_Dataset entries_
*** Begin section ***

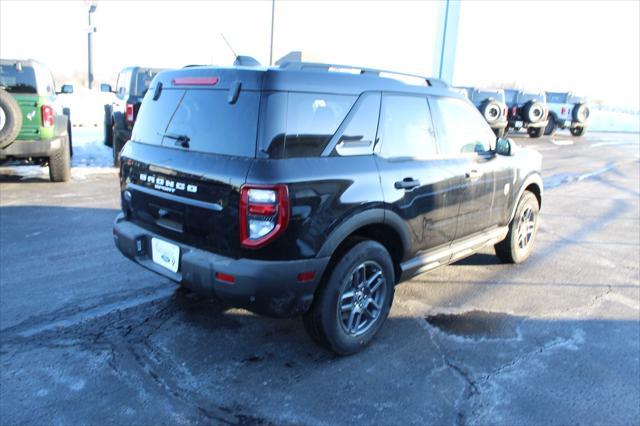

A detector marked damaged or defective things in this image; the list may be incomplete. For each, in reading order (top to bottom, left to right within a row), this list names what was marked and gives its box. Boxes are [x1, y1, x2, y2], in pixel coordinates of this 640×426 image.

cracked asphalt [0, 131, 636, 424]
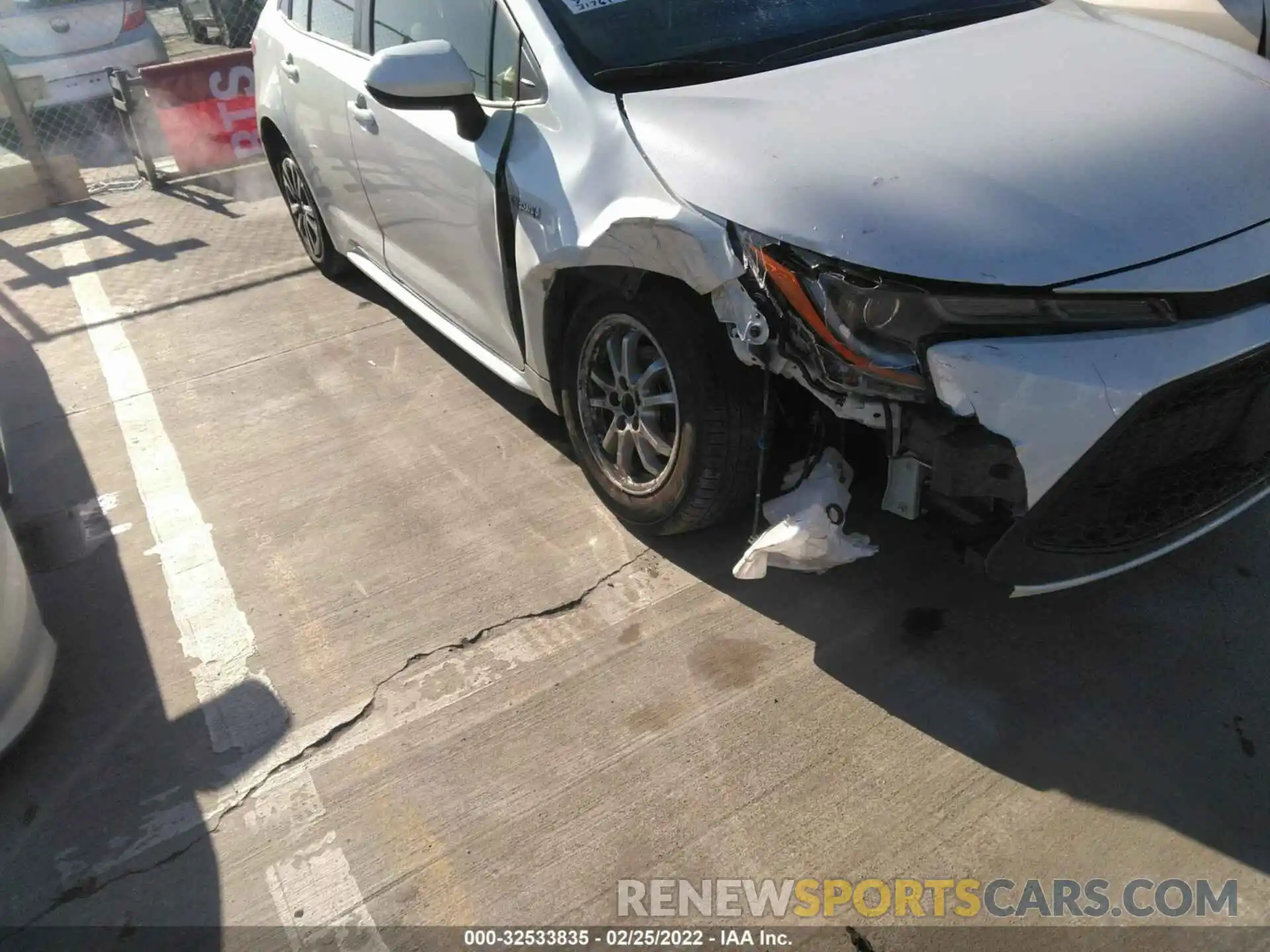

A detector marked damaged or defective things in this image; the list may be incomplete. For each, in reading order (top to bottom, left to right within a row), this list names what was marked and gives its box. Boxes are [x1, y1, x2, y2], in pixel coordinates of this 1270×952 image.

damaged white car [253, 0, 1270, 595]
broken headlight [741, 225, 1175, 397]
front bumper damage [720, 270, 1270, 595]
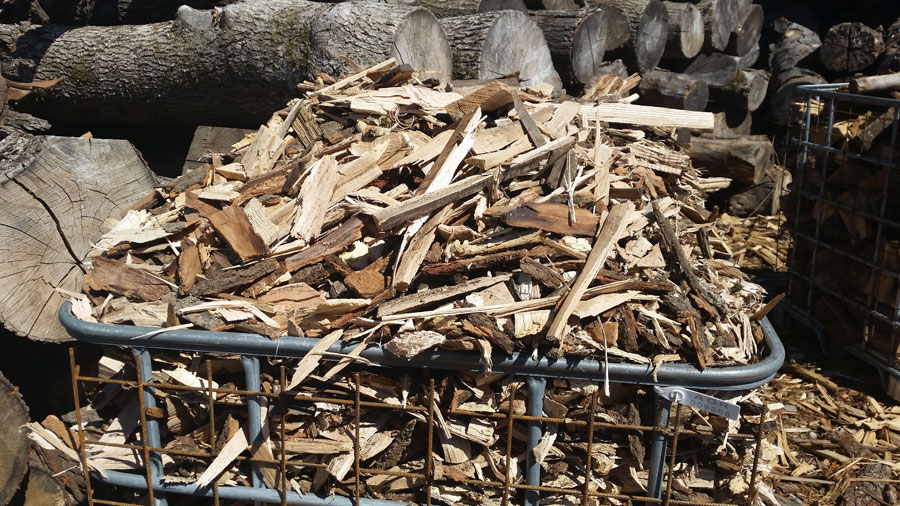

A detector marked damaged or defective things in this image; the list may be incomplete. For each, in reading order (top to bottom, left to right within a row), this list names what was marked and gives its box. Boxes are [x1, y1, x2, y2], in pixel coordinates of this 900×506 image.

rusty wire mesh [68, 346, 768, 506]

*** End section ***

_What this task involves_
Nothing but the line with "this 900×506 image." and the lines after it, through the end of the material, should appear in the output, word for word.

_Solution to this problem_
A detector marked damaged or defective things in this image; the list may be incomplete. For each, in reading order (top to bottom, left to right within a row), this list names what was marked and gives its box. Boxes are [x1, y1, x2, y2], in pixel coordinates of this 900×506 image.

rusty wire mesh [68, 346, 768, 506]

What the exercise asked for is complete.